> Dataset excerpts:
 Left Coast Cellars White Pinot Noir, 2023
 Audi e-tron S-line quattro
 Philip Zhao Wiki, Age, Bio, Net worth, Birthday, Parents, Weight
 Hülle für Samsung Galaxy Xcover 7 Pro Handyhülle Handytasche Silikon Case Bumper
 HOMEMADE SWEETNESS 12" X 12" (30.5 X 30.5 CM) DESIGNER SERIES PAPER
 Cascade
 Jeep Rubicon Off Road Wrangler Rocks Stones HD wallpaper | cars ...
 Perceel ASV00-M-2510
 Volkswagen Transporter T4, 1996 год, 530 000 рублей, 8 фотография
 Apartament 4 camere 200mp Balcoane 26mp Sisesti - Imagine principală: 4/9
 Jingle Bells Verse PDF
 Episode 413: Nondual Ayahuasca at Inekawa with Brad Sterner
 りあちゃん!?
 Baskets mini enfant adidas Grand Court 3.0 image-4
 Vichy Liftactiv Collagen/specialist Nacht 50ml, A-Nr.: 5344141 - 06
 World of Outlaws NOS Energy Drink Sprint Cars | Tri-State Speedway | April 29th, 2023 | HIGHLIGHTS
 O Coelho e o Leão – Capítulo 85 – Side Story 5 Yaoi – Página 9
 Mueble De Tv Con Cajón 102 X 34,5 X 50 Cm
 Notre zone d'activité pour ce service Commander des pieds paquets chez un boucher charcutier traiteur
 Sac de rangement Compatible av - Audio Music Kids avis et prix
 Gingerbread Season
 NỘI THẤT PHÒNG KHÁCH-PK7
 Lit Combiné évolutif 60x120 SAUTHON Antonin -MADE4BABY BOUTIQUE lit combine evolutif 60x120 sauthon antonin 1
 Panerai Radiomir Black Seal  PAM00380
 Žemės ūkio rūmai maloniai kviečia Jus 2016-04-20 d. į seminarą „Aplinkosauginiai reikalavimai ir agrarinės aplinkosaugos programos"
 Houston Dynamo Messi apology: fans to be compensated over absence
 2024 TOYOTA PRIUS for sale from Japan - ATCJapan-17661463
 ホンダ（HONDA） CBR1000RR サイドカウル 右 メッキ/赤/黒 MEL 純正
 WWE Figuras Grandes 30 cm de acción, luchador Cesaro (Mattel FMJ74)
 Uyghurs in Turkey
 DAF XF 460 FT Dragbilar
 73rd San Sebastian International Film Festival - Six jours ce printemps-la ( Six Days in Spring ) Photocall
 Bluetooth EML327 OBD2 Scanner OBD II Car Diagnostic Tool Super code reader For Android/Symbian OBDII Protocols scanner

> What is needed:
In the entries above, find the line with "Hülle für Samsung", then retype it and every line after it exactly.

> Result for this exercise:
 Hülle für Samsung Galaxy Xcover 7 Pro Handyhülle Handytasche Silikon Case Bumper
 HOMEMADE SWEETNESS 12" X 12" (30.5 X 30.5 CM) DESIGNER SERIES PAPER
 Cascade
 Jeep Rubicon Off Road Wrangler Rocks Stones HD wallpaper | cars ...
 Perceel ASV00-M-2510
 Volkswagen Transporter T4, 1996 год, 530 000 рублей, 8 фотография
 Apartament 4 camere 200mp Balcoane 26mp Sisesti - Imagine principală: 4/9
 Jingle Bells Verse PDF
 Episode 413: Nondual Ayahuasca at Inekawa with Brad Sterner
 りあちゃん!?
 Baskets mini enfant adidas Grand Court 3.0 image-4
 Vichy Liftactiv Collagen/specialist Nacht 50ml, A-Nr.: 5344141 - 06
 World of Outlaws NOS Energy Drink Sprint Cars | Tri-State Speedway | April 29th, 2023 | HIGHLIGHTS
 O Coelho e o Leão – Capítulo 85 – Side Story 5 Yaoi – Página 9
 Mueble De Tv Con Cajón 102 X 34,5 X 50 Cm
 Notre zone d'activité pour ce service Commander des pieds paquets chez un boucher charcutier traiteur
 Sac de rangement Compatible av - Audio Music Kids avis et prix
 Gingerbread Season
 NỘI THẤT PHÒNG KHÁCH-PK7
 Lit Combiné évolutif 60x120 SAUTHON Antonin -MADE4BABY BOUTIQUE lit combine evolutif 60x120 sauthon antonin 1
 Panerai Radiomir Black Seal  PAM00380
 Žemės ūkio rūmai maloniai kviečia Jus 2016-04-20 d. į seminarą „Aplinkosauginiai reikalavimai ir agrarinės aplinkosaugos programos"
 Houston Dynamo Messi apology: fans to be compensated over absence
 2024 TOYOTA PRIUS for sale from Japan - ATCJapan-17661463
 ホンダ（HONDA） CBR1000RR サイドカウル 右 メッキ/赤/黒 MEL 純正
 WWE Figuras Grandes 30 cm de acción, luchador Cesaro (Mattel FMJ74)
 Uyghurs in Turkey
 DAF XF 460 FT Dragbilar
 73rd San Sebastian International Film Festival - Six jours ce printemps-la ( Six Days in Spring ) Photocall
 Bluetooth EML327 OBD2 Scanner OBD II Car Diagnostic Tool Super code reader For Android/Symbian OBDII Protocols scanner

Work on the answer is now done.